Every server has a fixed number of workers (cashiers) that handle incoming requests. During peak hours, we may get more simultaneous requests than available workers. We respond by putting those requests in a queue.
This is unnoticeable to users when the queue is short and we handle requests quickly, but large systems have outliers. Every so often a request will take unusually long, and everyone waiting behind that request suffers. Worse, if an individual worker’s line gets too long, we have to drop requests. You may be presented with an adorable whale just because you landed in the wrong queue at the wrong time.
A solution is to stop being a supermarket and start being Fry’s.
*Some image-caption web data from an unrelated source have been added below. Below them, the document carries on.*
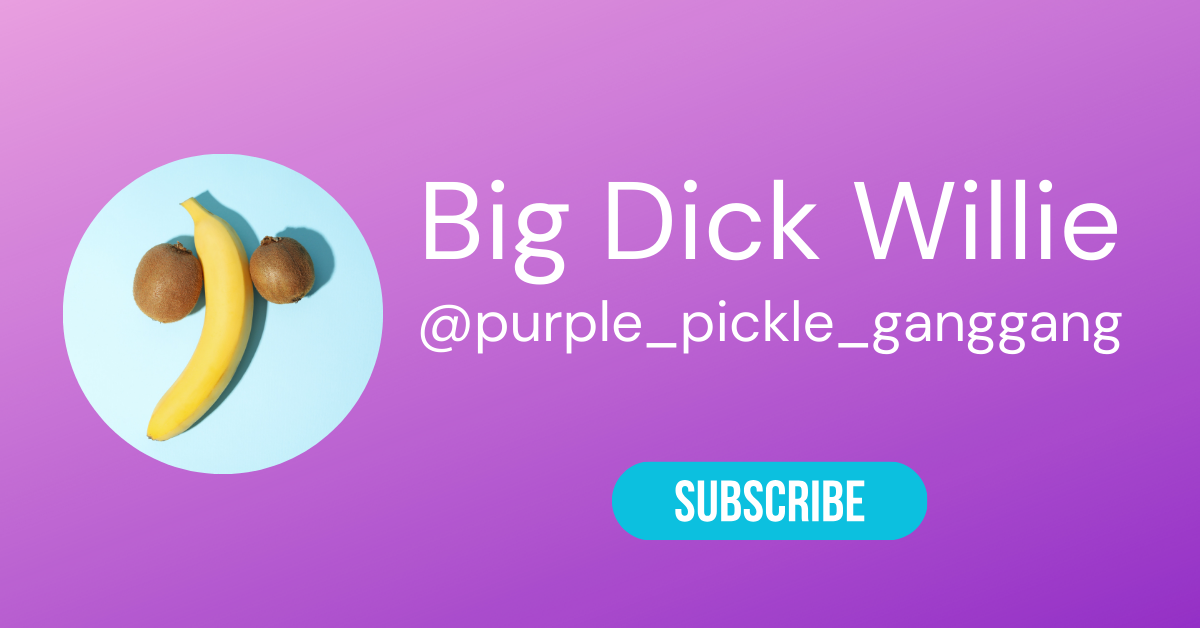 @purple pickle ganggang LAW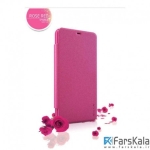 کیف محافظ  Nillkin Sparkle برای Microsoft Lumia 640 XL
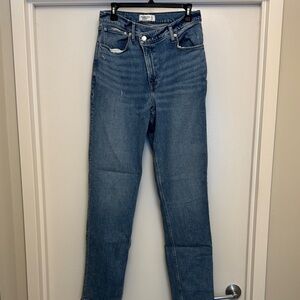 Abercrombie Classic Denim Jeans
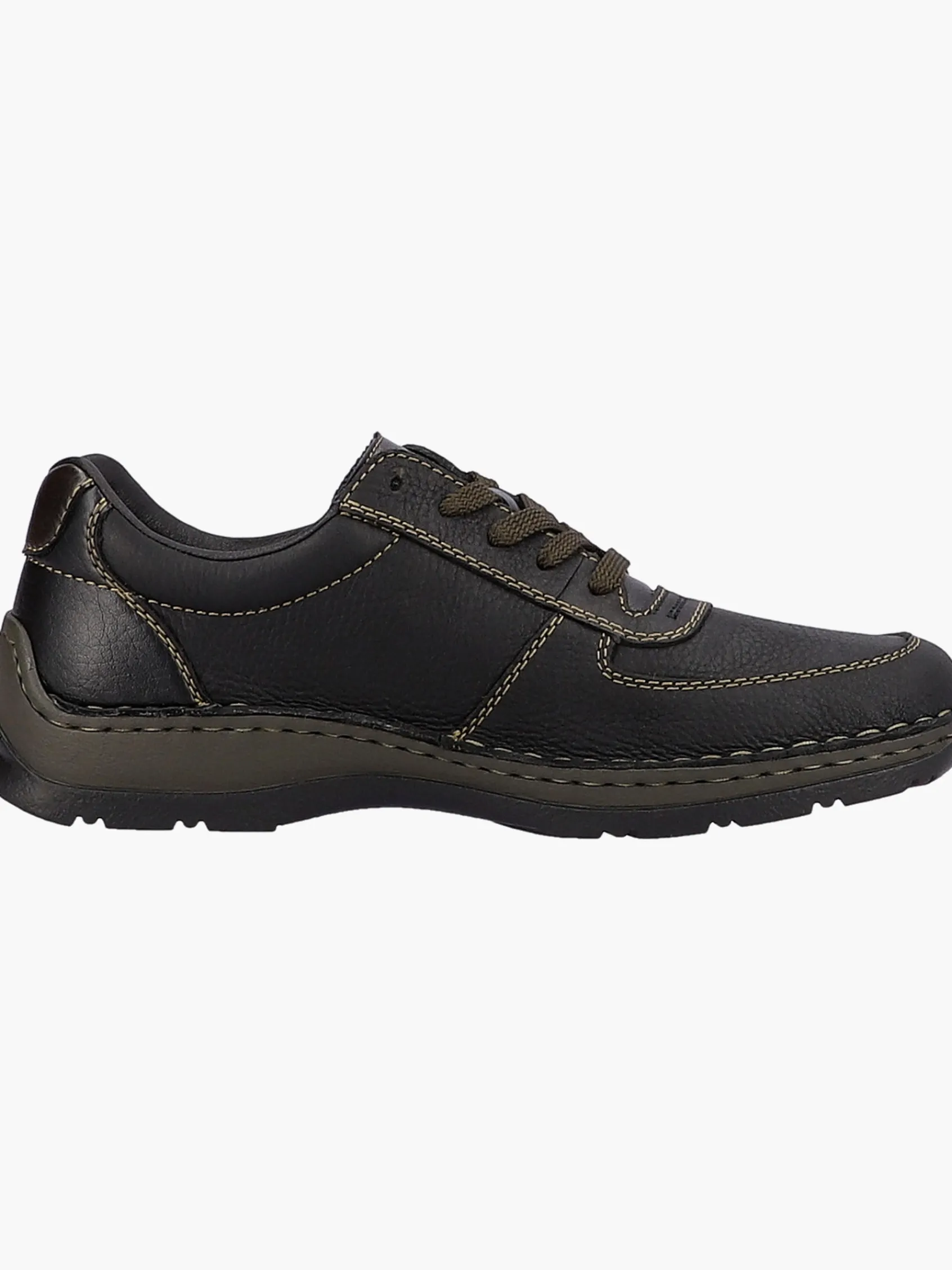 Herren Rieker Herren Schnürschuhe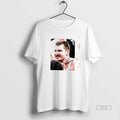 Official Jokic Fights Okc After Lu Dort Fouls Him - Adult & Kids T-Shirts, Sweatshirts & Hoodies apparel design preview 1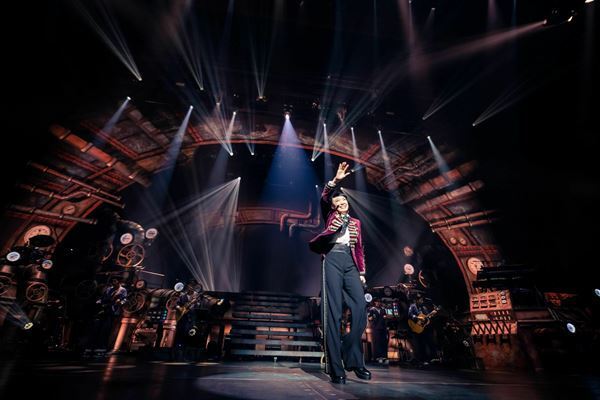 松任谷由実、全国ツアー全63公演完走「待っていてくれた人たちが背中を押してくれたから、奇跡も起こせた」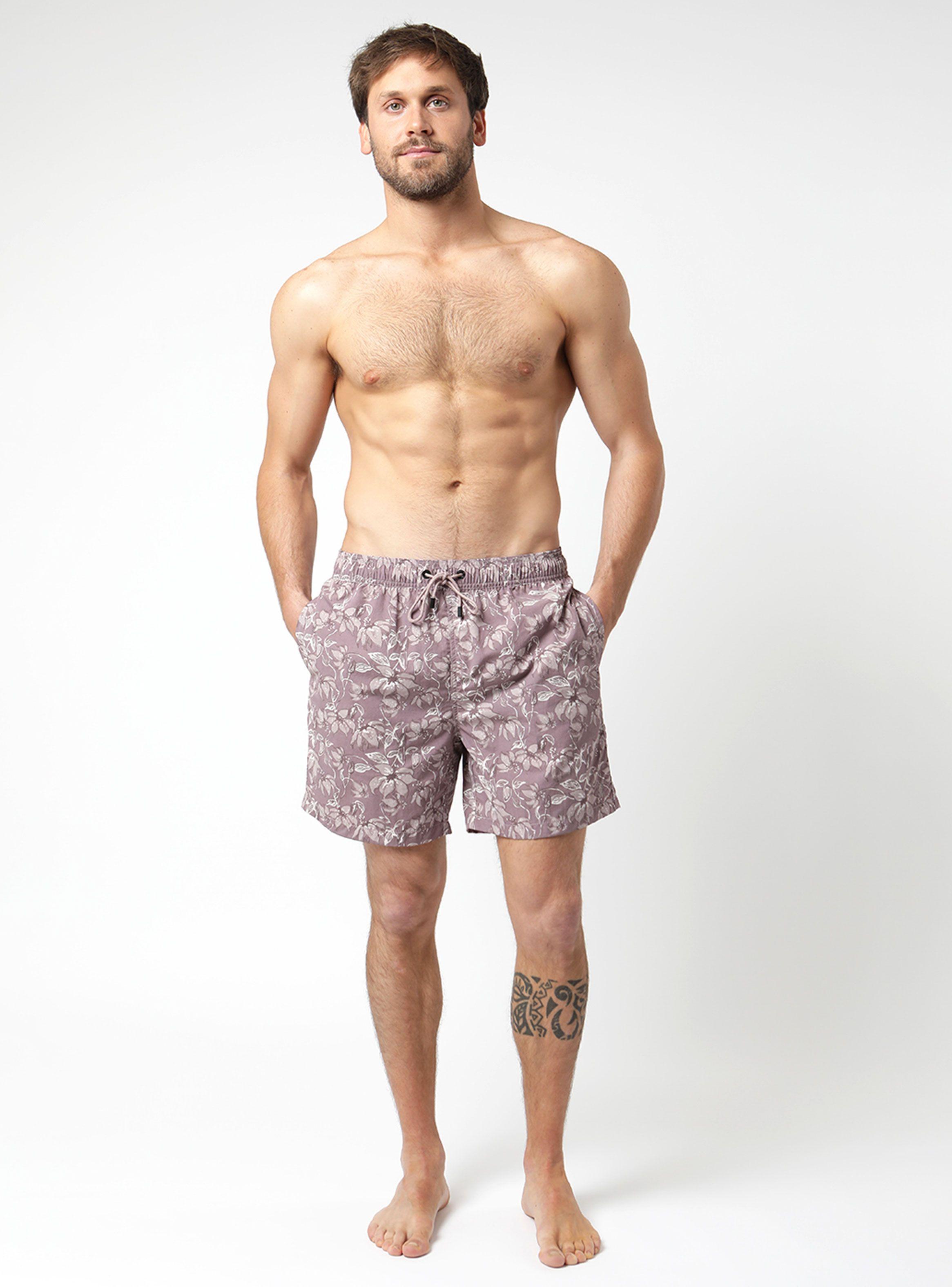 Traje de Baño Classic Orchid Froens-3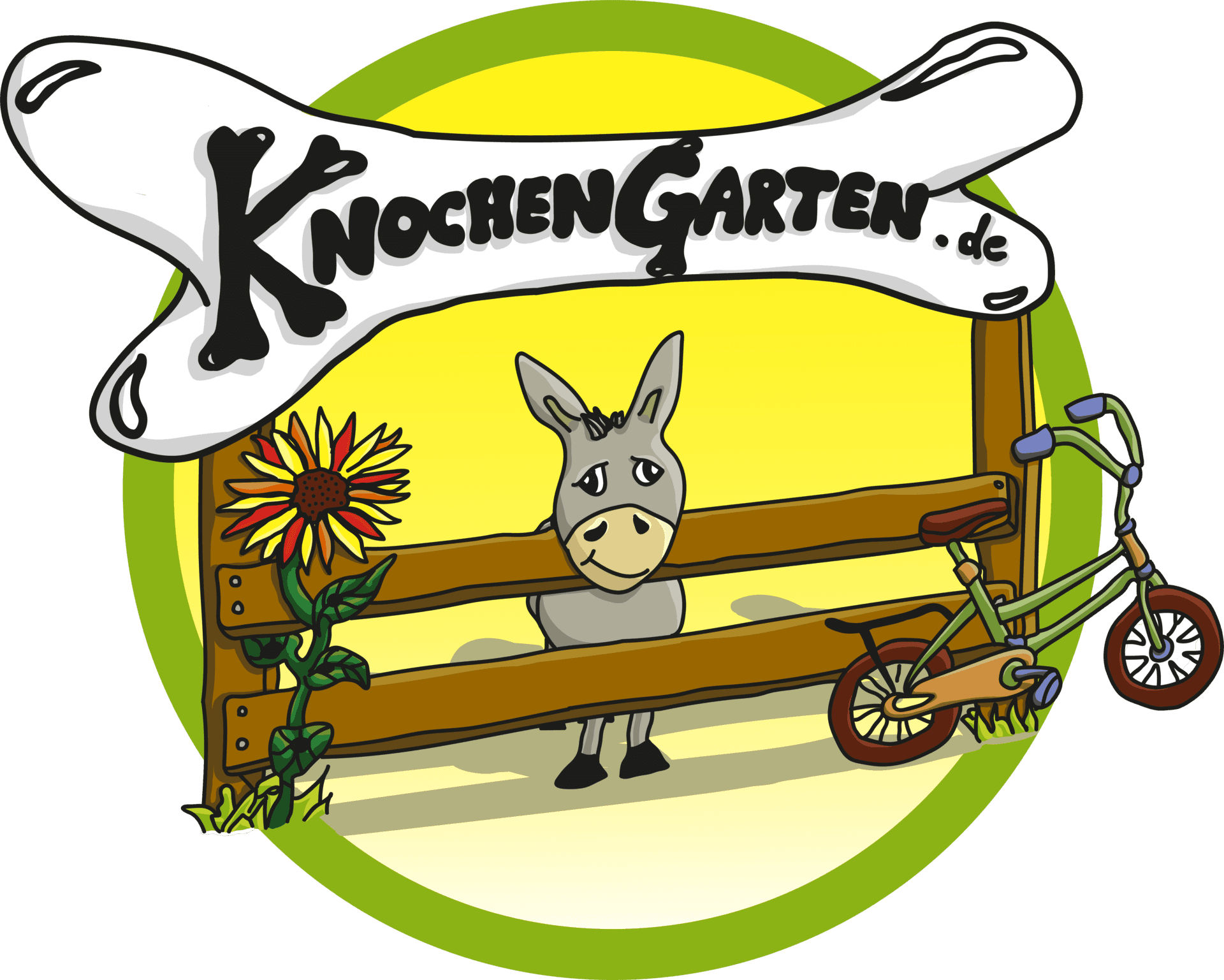 Kinder-und Jugendfarm "Knochengarten" – Bild 5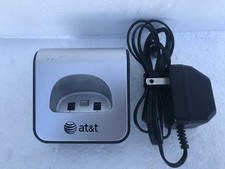 AT T CHARGING CRADLE FOR HS CL84102/CL84152/CL84202/CL84252/CL84342/CL84352
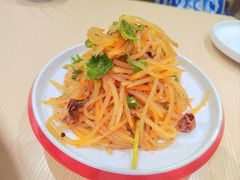 -老边饺子馆(东单店)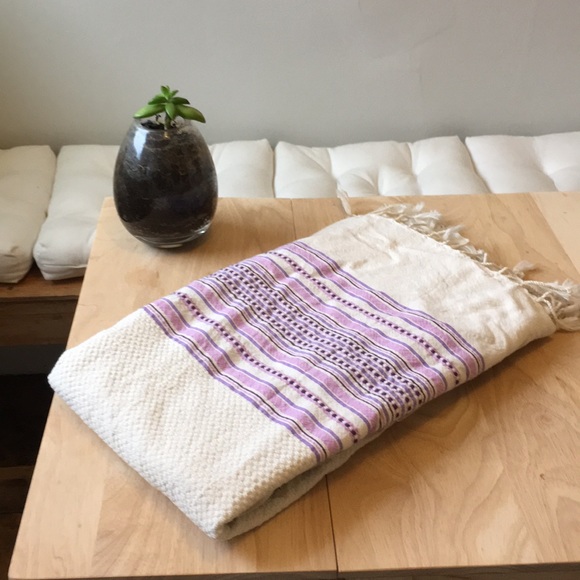 Oversized scarf - Picture 1 of 6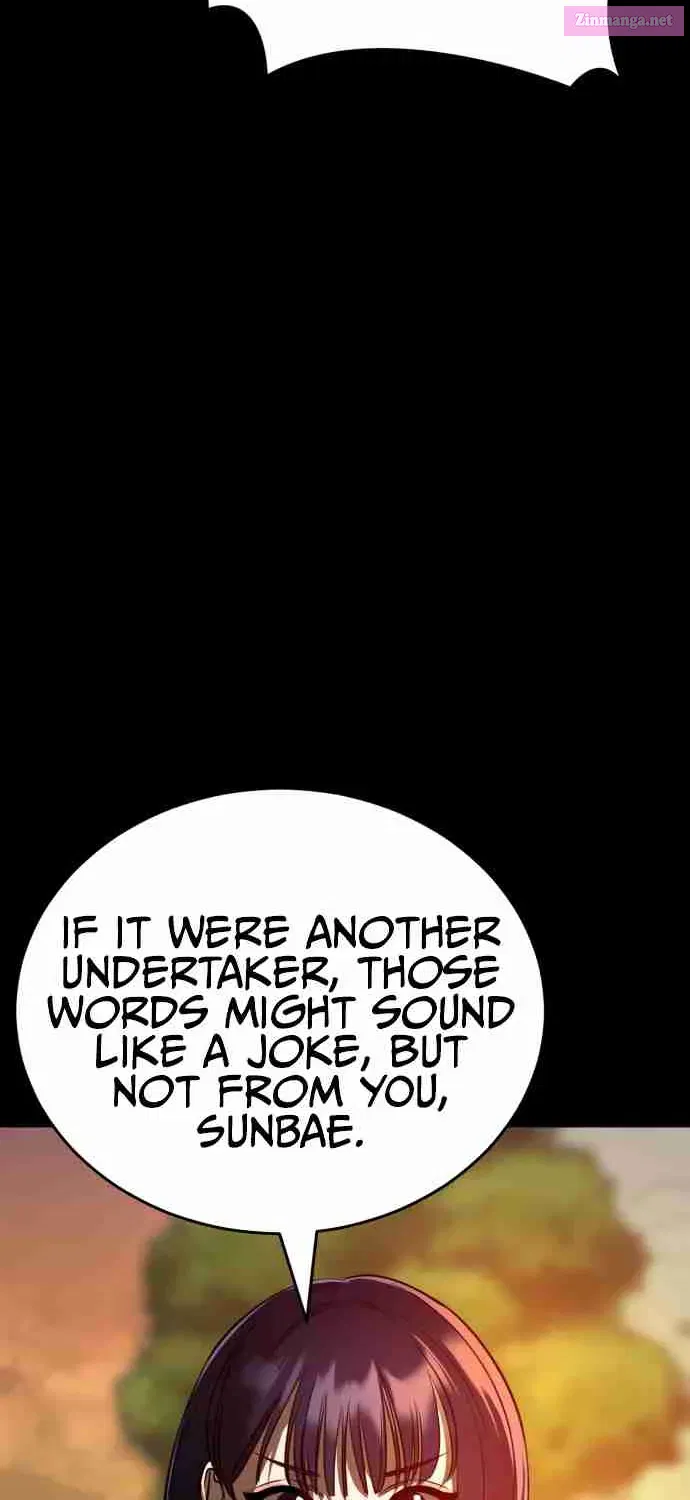 Return of the King of Hell Zinmanga X Chapter 28 Page 68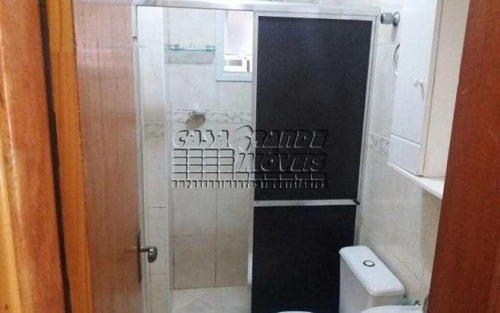 Imagem 5 de 10 de Excelente Apartamento Em Praia Grande, Balneário Maracanã - V4468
When you checkout at Fry’s you wait in one long line. In front are thirty cash registers handling one person at a time. When a cashier finishes with a customer, they turn on a light above the register to signal they’re ready to handle the next one. It’s counterintuitive, but one long line can be more efficient than many short lines.
For a long Time, twitter.com ran on top of Apache and Mongrel, using mod_proxy_balancer. As in the supermarket, Apache would “push” requests to waiting mongrels for processing, using the ‘bybusyness’ method. Mongrels which had the least number of requests queued received the latest request. Unfortunately, when an incoming request was queued, the balancer process had no way of knowing how far along in each task the mongrels were. Apache would send requests randomly to servers when they were equally loaded, placing fast requests behind slow ones, increasing the latency of each request.
In November we started testing Unicorn, an exciting new Ruby server that takes the Mongrel core and adds Fry’s “pull” model. Mobile.twitter.com was our first app to run Unicorn behind Apache, and in January @netik ran the gauntlet to integrate Unicorn into the main Twitter.com infrastructure.
During initial tests, we predicted we would maintain CPU usage and only cut request latency 10-15%. Unicorn surprised us by dropping request latency 30% and significantly lowering CPU usage.
For automatic recovery and monitoring, we’d relied on monit for mongrel. Monit couldn’t introspect the memory and CPU within the Unicorn process tree, so we developed a new monitoring script, called Stormcloud, to kill Unicorns when they ran out of control. Monit would still monitor the master Unicorn process, but Stormcloud would watch over the Unicorns.
With monit, child death during request processing (due to process resource limits or abnormal termination) would cause that request and all requests queued in the mongrel to send 500 “robot” errors until the mongrel had been restarted by monit. Unicorn’s pull model prevents additional errors from firing as the remaining children can still process the incoming workload.
Since each Unicorn child is only working on one request at a time, a single error is thrown, allowing us to isolate a failure to an individual request (or sequence of requests). Recovery is fast, as Unicorn immediately restarts children that have died, unlike monit which would wait until the next check cycle.
We also took advantage of Unicorn’s zero-downtime deployment by writing a deploy script that would transition Twitter on to new versions of our code base while still accepting requests, ensuring that the new code base was verified and running before switching onto it. It’s a bit like changing the tires on your car while still driving, and it works beautifully.